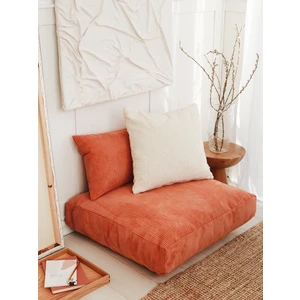 Fitilli Kadife Büyük Minder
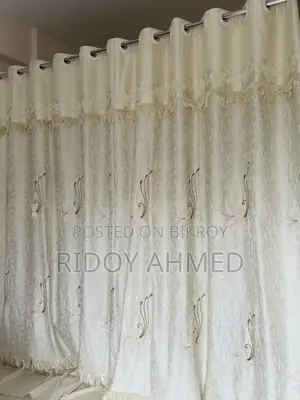 Drapes ( Stylist & Decorative Drapes )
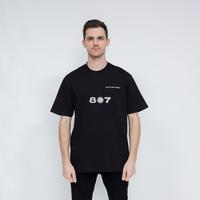Gambar VTMT Spec White Black Tee - M dari 807GARAGE undefined 1 Tokopedia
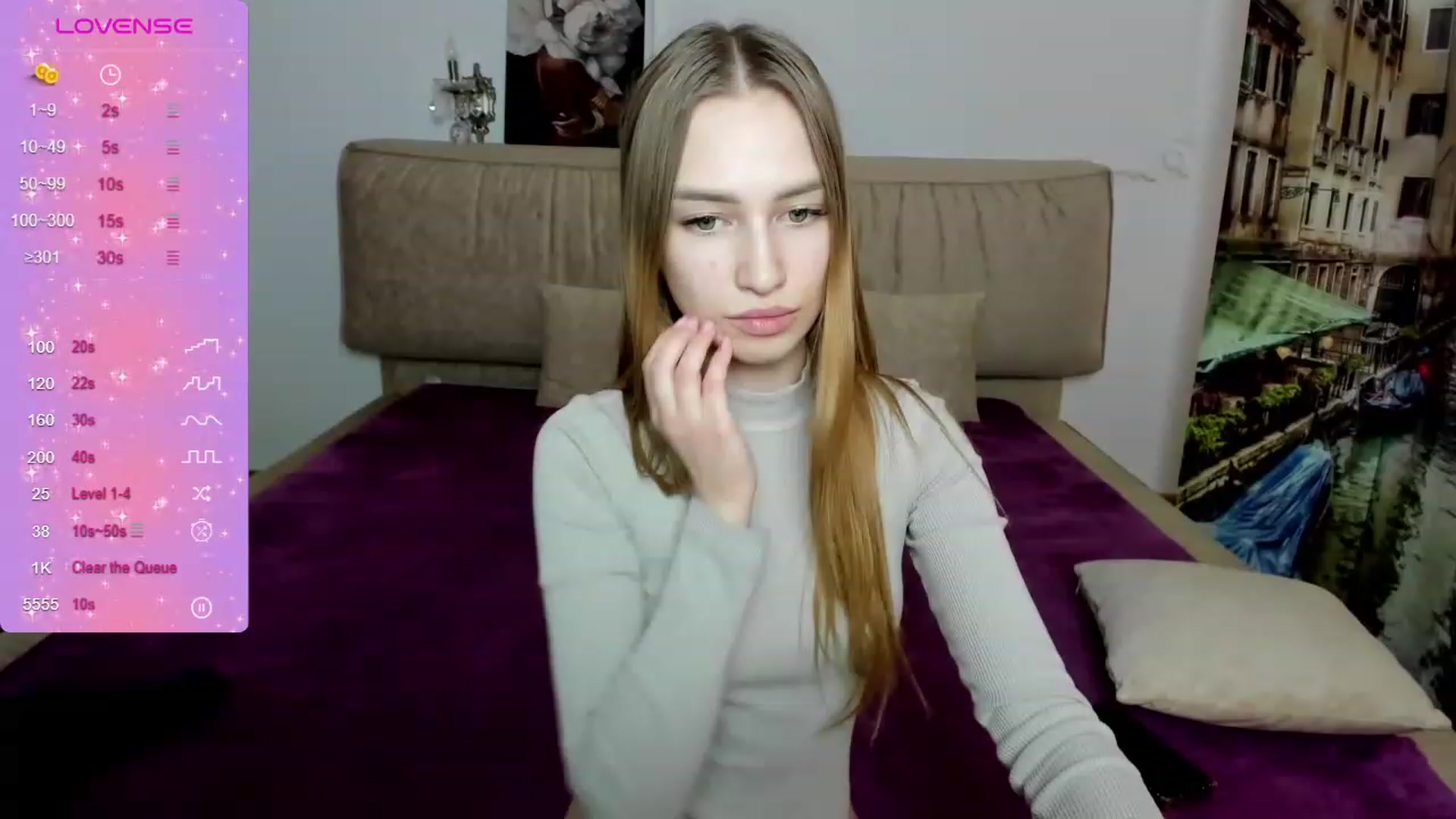 Gallery image thumbnail from FrenchFry's myfreecams stream on, 12/31/2023, 12:39 image 4 of 20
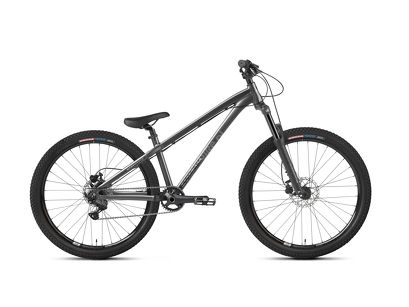 Rower Dartmoor Streetfighter 26" dirt street  +ebon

» Exercise requirements:
Without changing a single word, set down all of the material again and leave out its pictures.

» Answer box:
 Fitilli Kadife Büyük Minder
 Drapes ( Stylist & Decorative Drapes )
Gambar VTMT Spec White Black Tee - M dari 807GARAGE undefined 1 Tokopedia
 Gallery image thumbnail from FrenchFry's myfreecams stream on, 12/31/2023, 12:39 image 4 of 20
 Rower Dartmoor Streetfighter 26" dirt street  +ebon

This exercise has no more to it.